No tendría sentido alguno que yo pretendiera explicar ahora lo que significa Auschwitz en la vida de los europeos del siglo XX y de la humanidad en general. Tampoco fue una finalidad de esclarecimiento o comprensión la que me llevó a visitarlo. Se trataba, sencillamente, de peregrinar, de sumergirme, de com-padecer en lo posible el horror, el sufrimiento, la miseria humana que cientos de miles padecieron y unos cuantos han podido relatar.
El sitio se presenta al visitante con sobriedad digna: espacios limpios; los barracones, ahora vacíos, han sido aprovechados para ilustrar sobre la vida ¡y la muerte! de aquellos miles, hasta más de un millón, de personas, que compusieron (suele olvidarse) disidentes políticos polacos, gitanos sobre todo húngaros, homosexuales y, final y muy especialmente, judíos, de toda edad y condición. Y así hay espacios o expositores con series de fotos de recién ingresados en el campo de exterminio o con montones de enseres o de prótesis personales o de utensilios de higiene personal o útiles de cocina de los mismos... y abundante información también, gráfica, estadística o de otro tipo, sobre el propio campo y otros parecidos.

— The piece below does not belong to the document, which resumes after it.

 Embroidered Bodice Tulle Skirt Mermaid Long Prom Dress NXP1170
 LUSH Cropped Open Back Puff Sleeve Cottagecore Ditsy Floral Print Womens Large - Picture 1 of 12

Impresiona la actitud seria y respetuosa de los numerosos visitantes. Y a mí personalmente me llamó la atención la grata ausencia de propaganda importuna, muy al contrario de lo que me había sucedido el día antes en la visita a las minas de sal de Wieliczka, donde los mineros, según los guías oficiales, se afanaron desde siempre en demostrar su religiosidad, por supuesto católico-romana, construyendo altares, capillas y hasta una casi catedral en aquellas galerías.
El letrero de hierro forjado por los primeros prisioneros, polacos, con la leyenda en alemán "El trabajo hace libres" (o "libera"; pero no, "nos hace libres" ni "os hará libres") fue robado el pasado día 18, cuando me disponía a escribir esta entrada, y hoy, cuando estoy a punto de cerrarla, veo en el periódico que ha sido recuperado.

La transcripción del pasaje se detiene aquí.